- _Directions_: Starting at the line that contains "1949 Triumph 2000 Roadster - Image 7 of 30", write out every line to the end of the records below exactly, and leave out the pictures.

Captioned web images
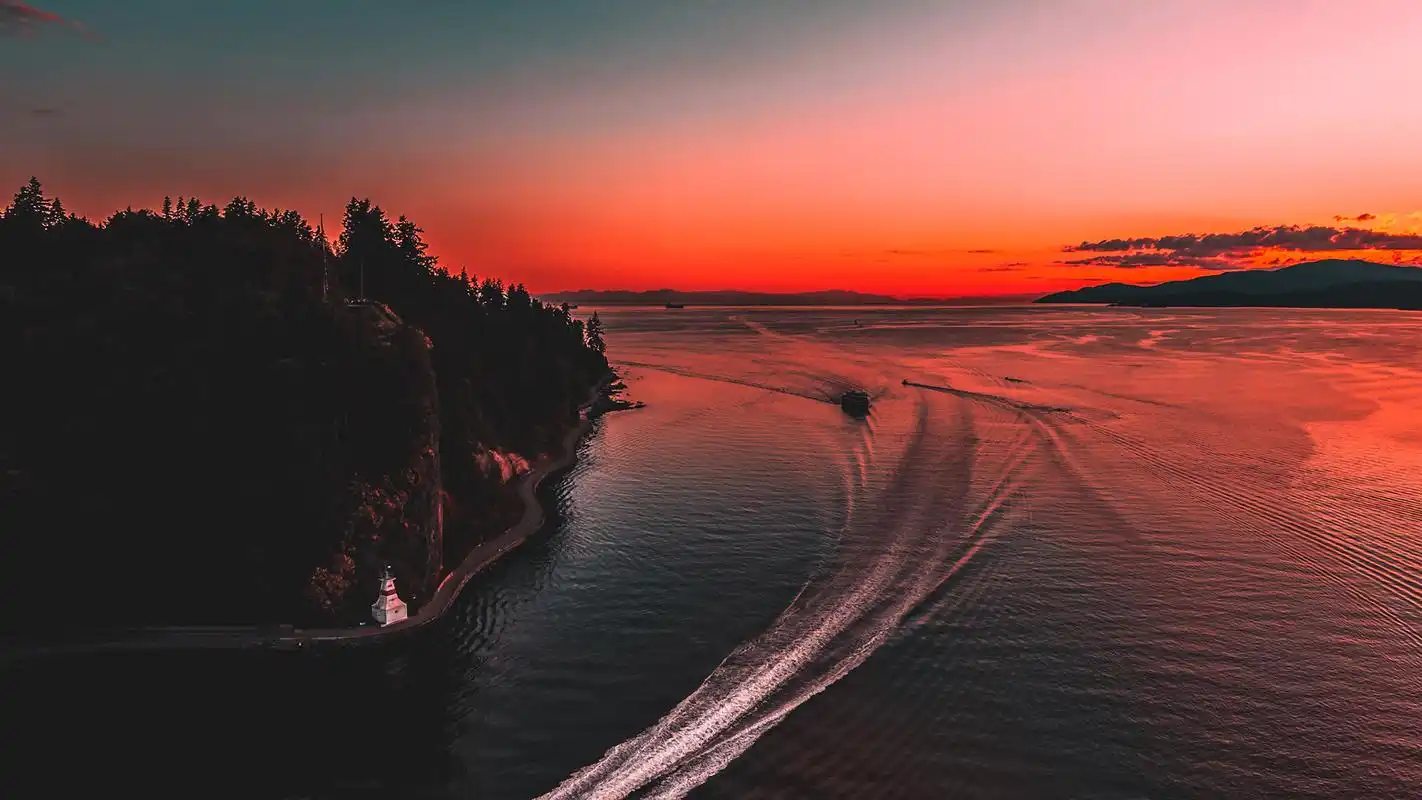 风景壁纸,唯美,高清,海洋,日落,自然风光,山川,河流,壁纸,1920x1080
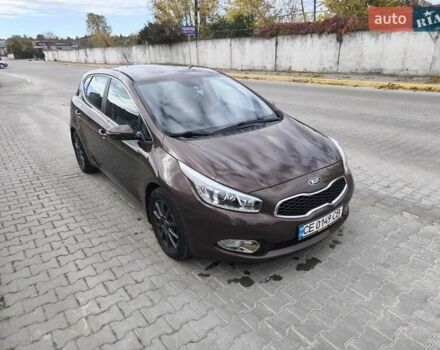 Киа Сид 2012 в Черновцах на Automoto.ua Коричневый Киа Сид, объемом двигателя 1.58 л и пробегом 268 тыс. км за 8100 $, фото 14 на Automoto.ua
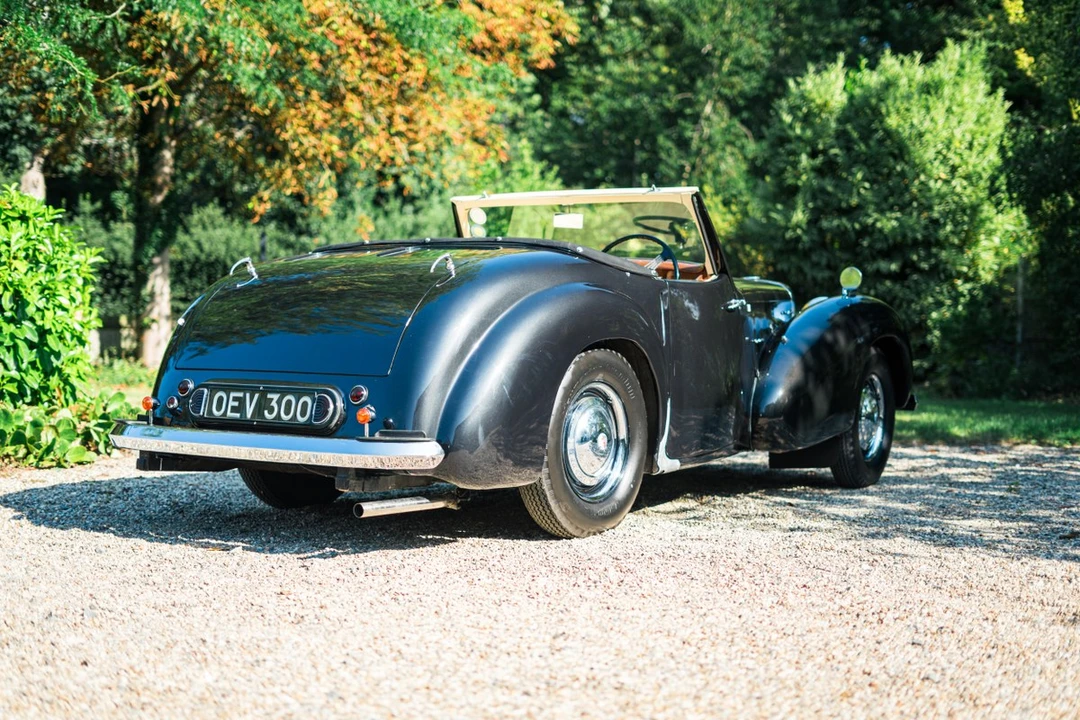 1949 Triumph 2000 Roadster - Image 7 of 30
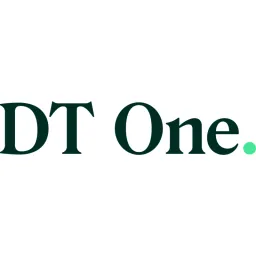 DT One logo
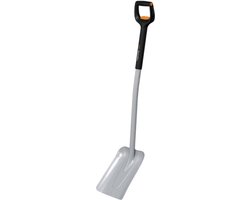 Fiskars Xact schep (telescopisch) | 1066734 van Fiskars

- _Your response_:
 1949 Triumph 2000 Roadster - Image 7 of 30
 DT One logo
 Fiskars Xact schep (telescopisch) | 1066734 van Fiskars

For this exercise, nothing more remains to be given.